#### Information supplied:

Segment Open

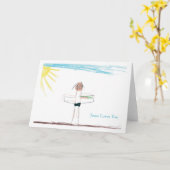 イエスはグリーティングカードを愛する カード (黄色い花)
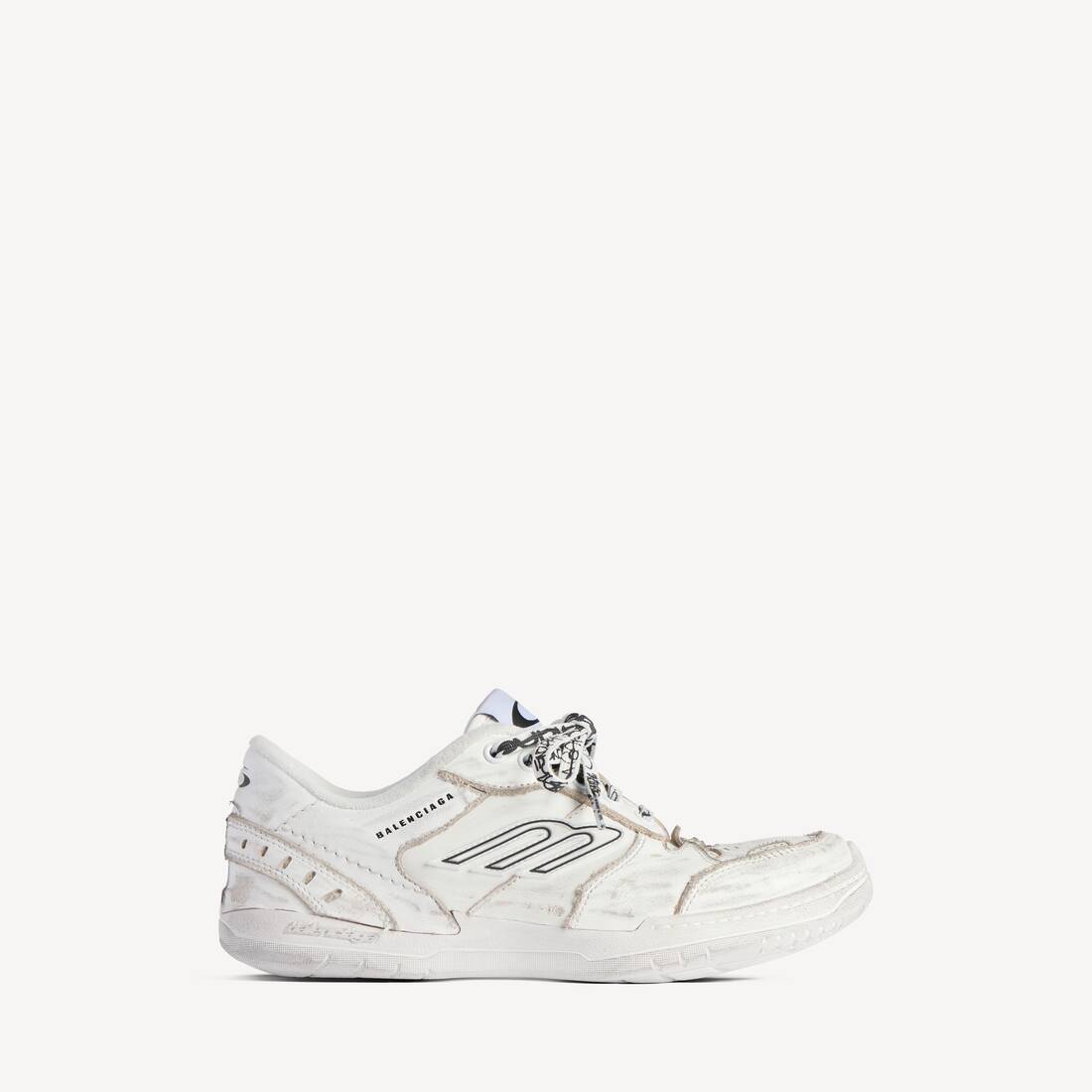 Damers Hamptons Medium Sliten Loafer i vitt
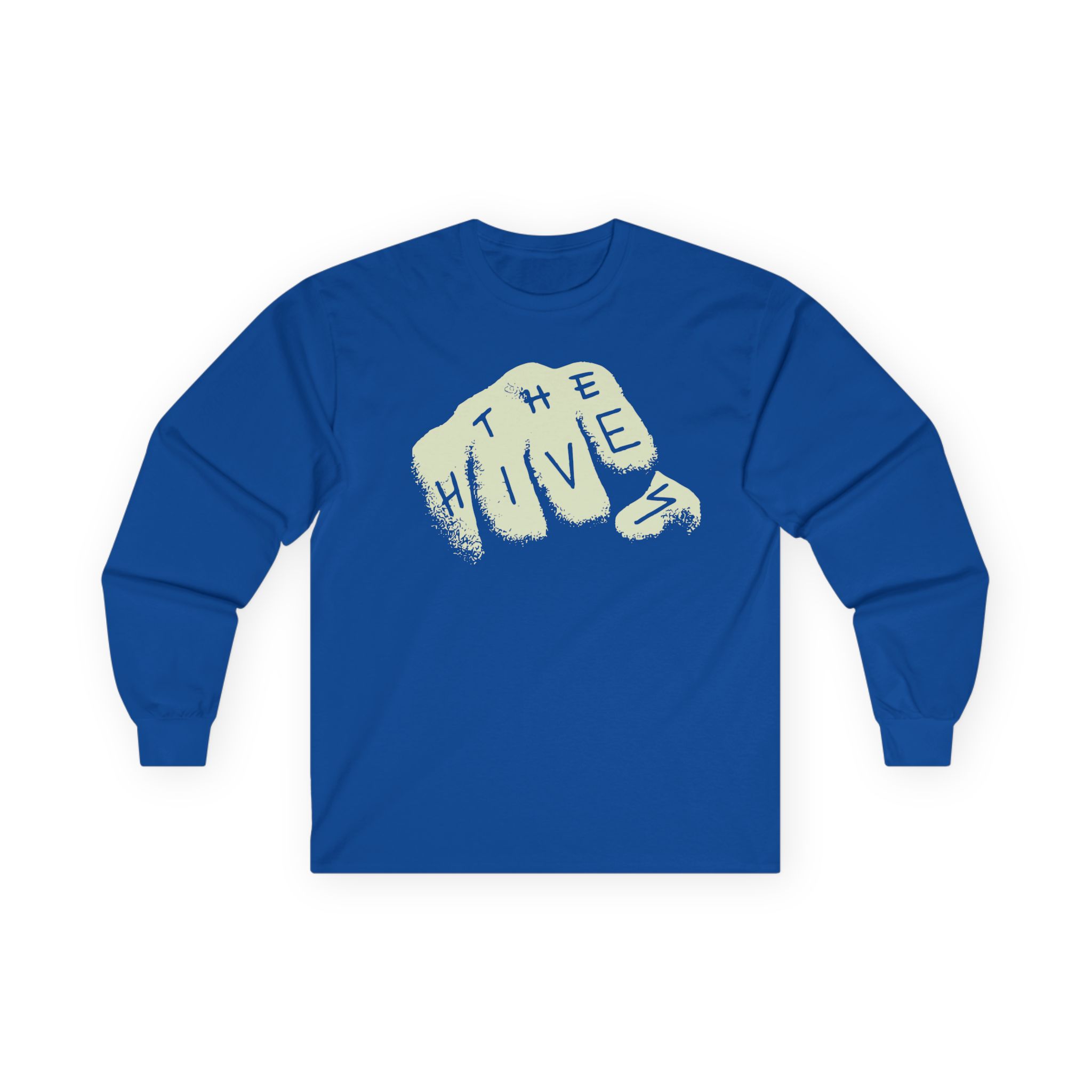 The Hives Fist Unisex Ultra Cotton Long Sleeve Tee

Segment Closed

#### What you should do:
A word-for-word copy of the listing is the goal; keep every picture out of it.

#### Answer to this task:
 イエスはグリーティングカードを愛する カード (黄色い花)
 Damers Hamptons Medium Sliten Loafer i vitt
 The Hives Fist Unisex Ultra Cotton Long Sleeve Tee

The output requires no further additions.